_Activity_.
Give the data back exactly. Leave out any images.

[Captioned web image data]
★ ★ ★
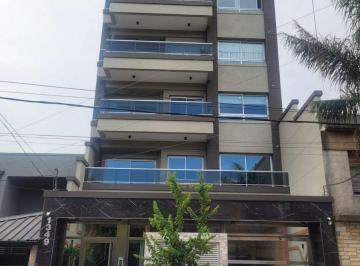 Departamento de 4 ambientes, Lanús · Departamento de Categoría de 4 Ambientes con Cochera en Venta en Lanús Este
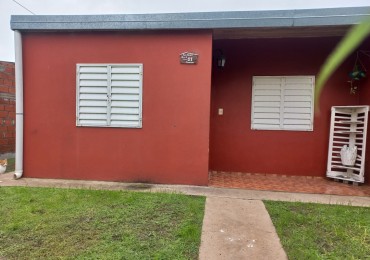 Alquiler casa 2 dormitorios en Colonia Avellaneda 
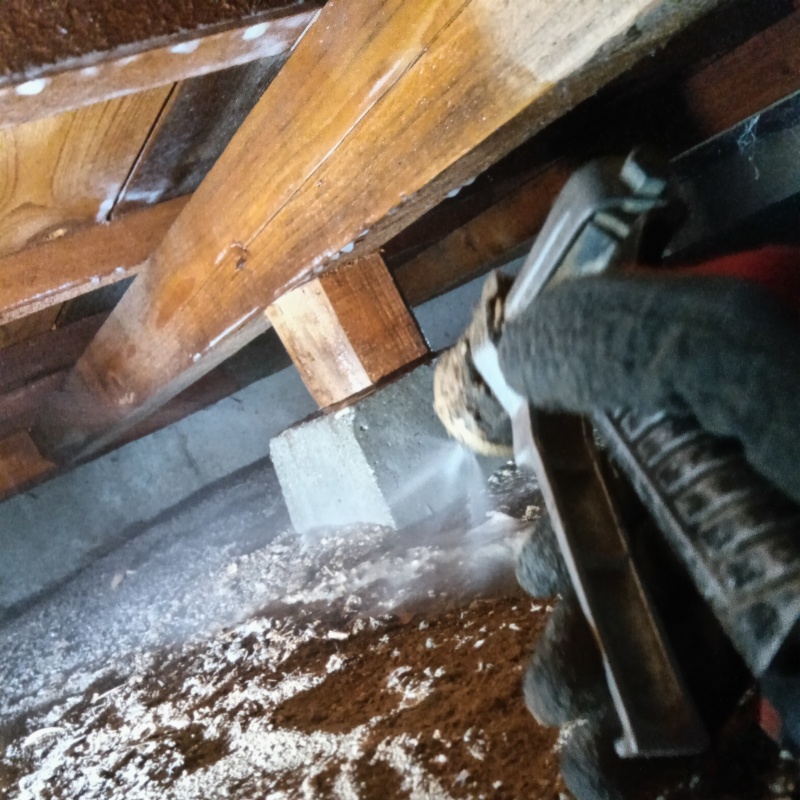 床下の地面にシロアリ駆除剤を散布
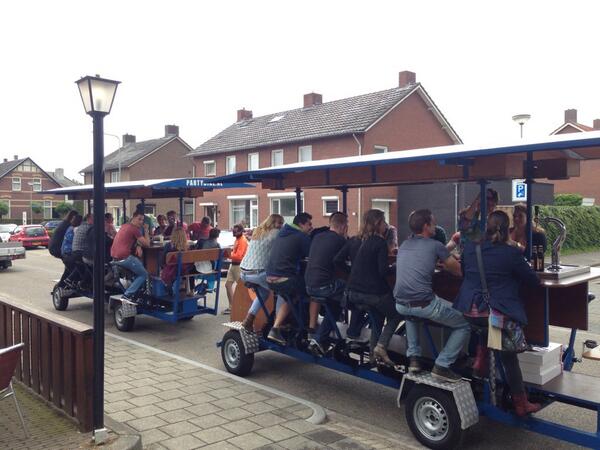 Vandaag twee bierfietsen onderweg!! Ook dat is mogelijk vanaf <a href="/DeKlompVenray/">Herberg de Klomp</a>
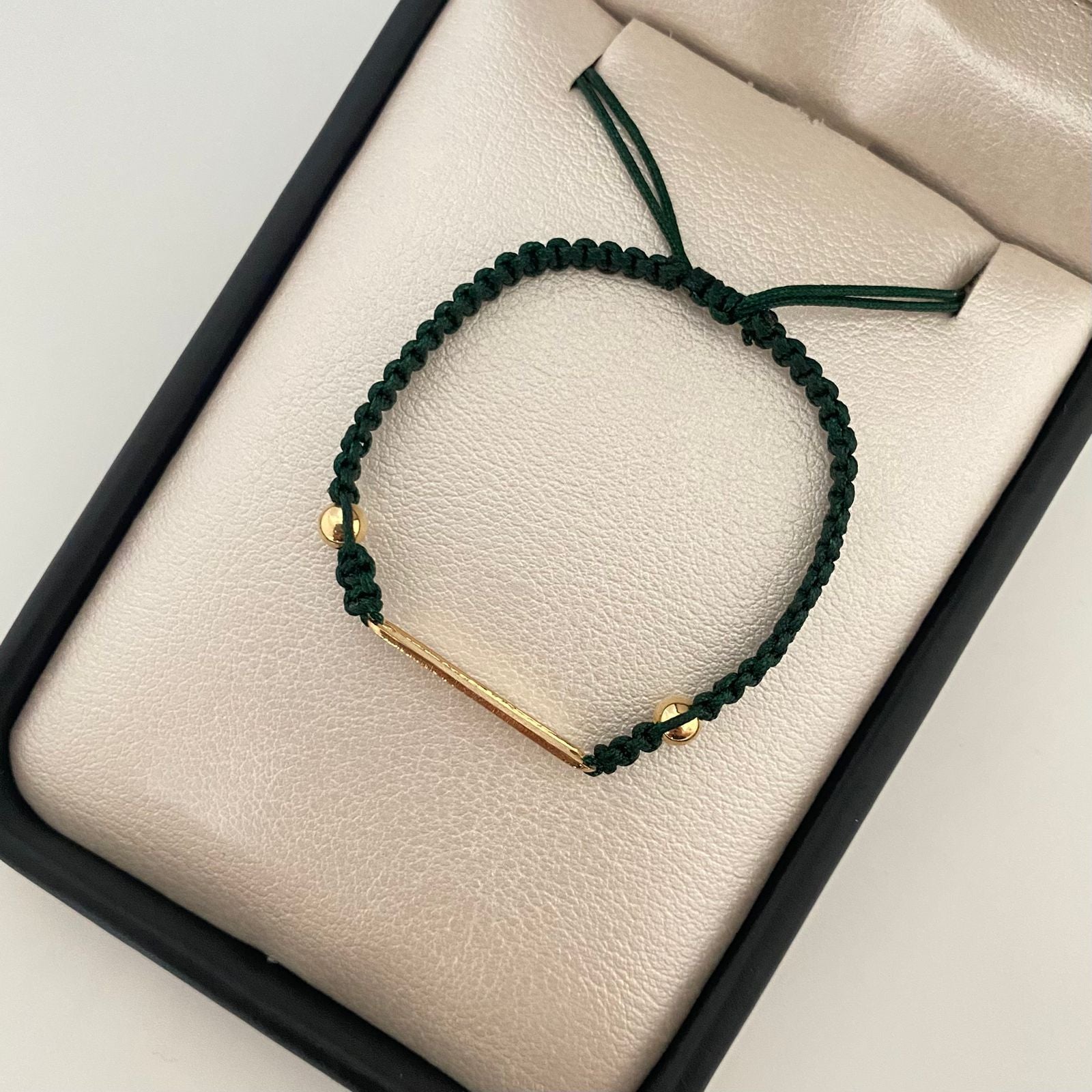 Pulsera tejida placa rectangular borde diamantado balines lisos #4  Oro amarillo 18k 0,55 Gr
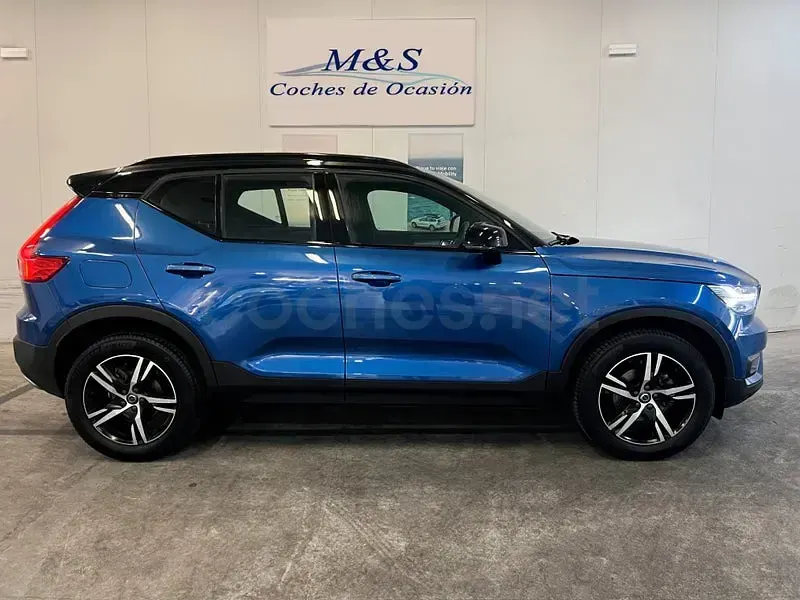 Usado Volvo XC40 R-Design 156 CV (114 kW) 2017 Azul SUV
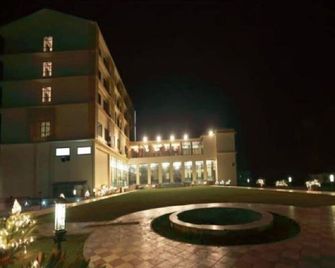 The Greenwood Hotel - Golāghāt - Edificio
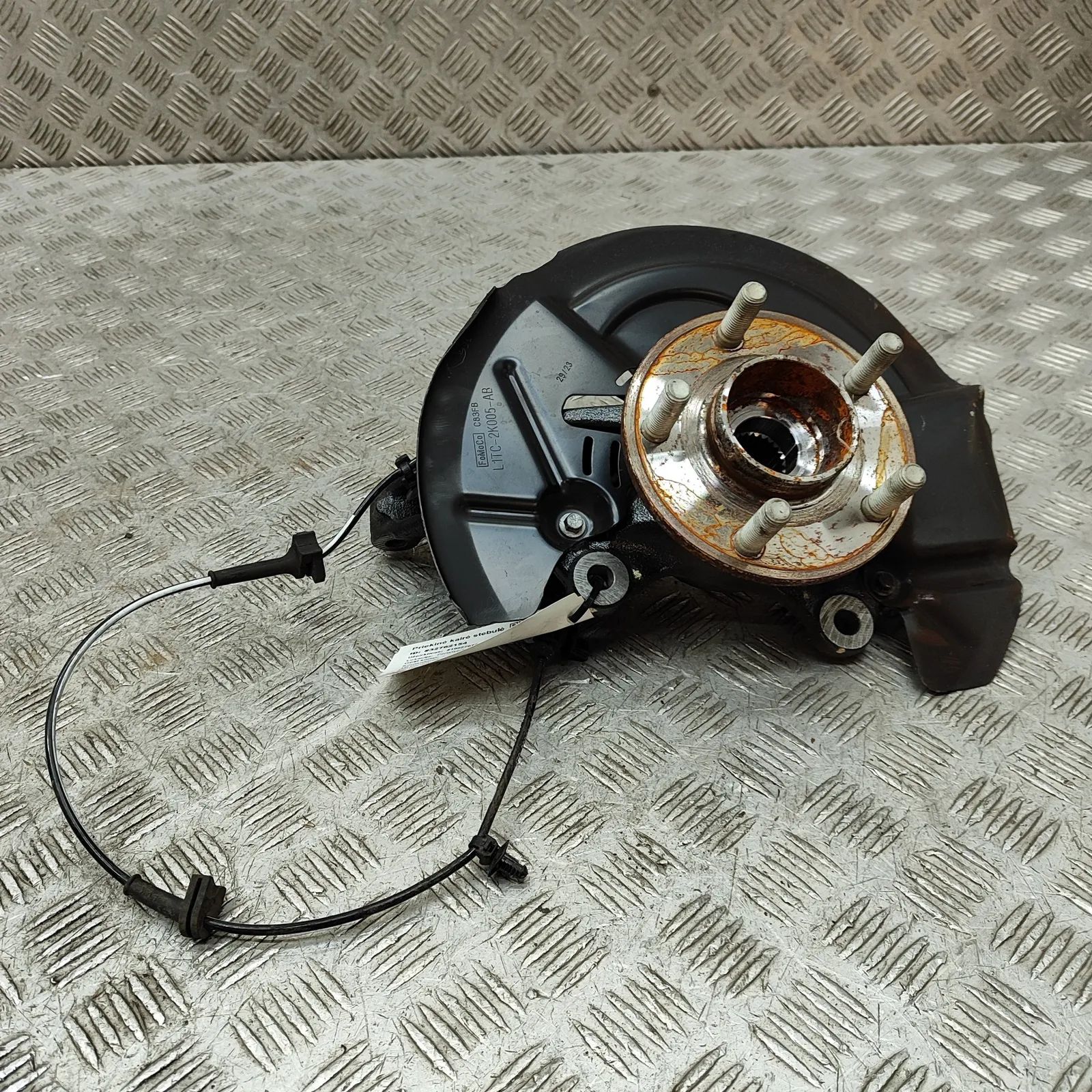 Ford Puma Front Left Wheel Hub Front Left Wheel Hub — FORD PUMA (J2K, CF7) (20...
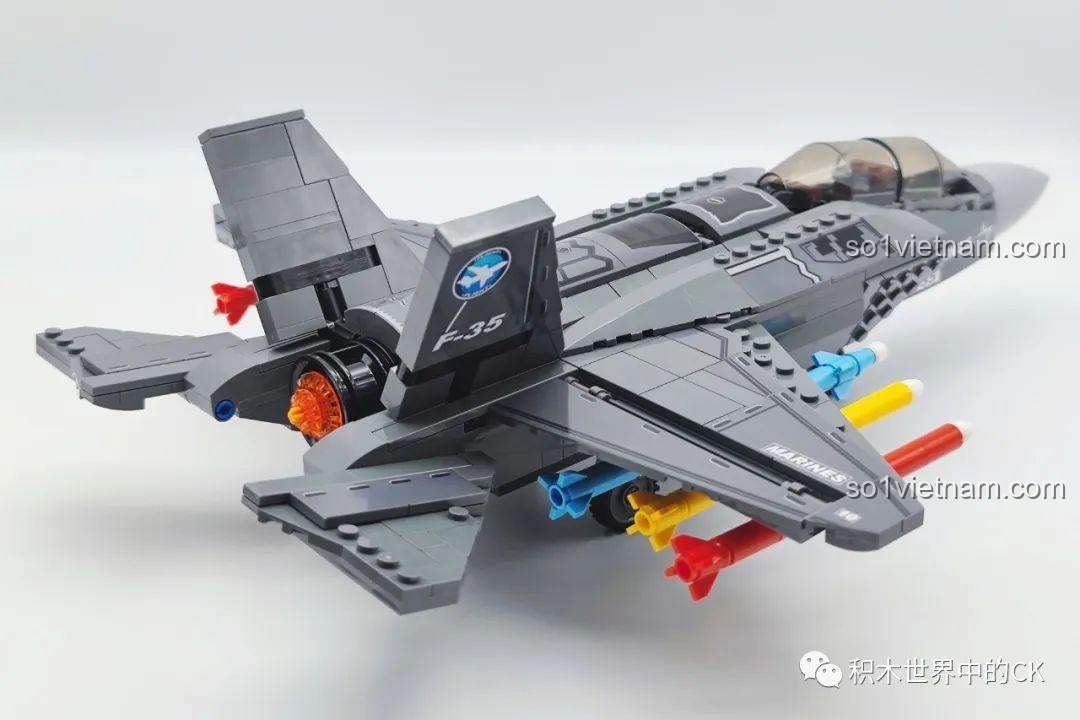 Mô hình Máy bay chiến đấu F-35 Lightning II SEMBO 207125 hoàn chỉnh nhìn từ góc chéo phía sau trên.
★ ★ ★
_Written answer_.
 Departamento de 4 ambientes, Lanús · Departamento de Categoría de 4 Ambientes con Cochera en Venta en Lanús Este
 Alquiler casa 2 dormitorios en Colonia Avellaneda 
 床下の地面にシロアリ駆除剤を散布
 Vandaag twee bierfietsen onderweg!! Ook dat is mogelijk vanaf <a href="/DeKlompVenray/">Herberg de Klomp</a>
 Pulsera tejida placa rectangular borde diamantado balines lisos #4  Oro amarillo 18k 0,55 Gr
 Usado Volvo XC40 R-Design 156 CV (114 kW) 2017 Azul SUV
 The Greenwood Hotel - Golāghāt - Edificio
 Ford Puma Front Left Wheel Hub Front Left Wheel Hub — FORD PUMA (J2K, CF7) (20...
 Mô hình Máy bay chiến đấu F-35 Lightning II SEMBO 207125 hoàn chỉnh nhìn từ góc chéo phía sau trên.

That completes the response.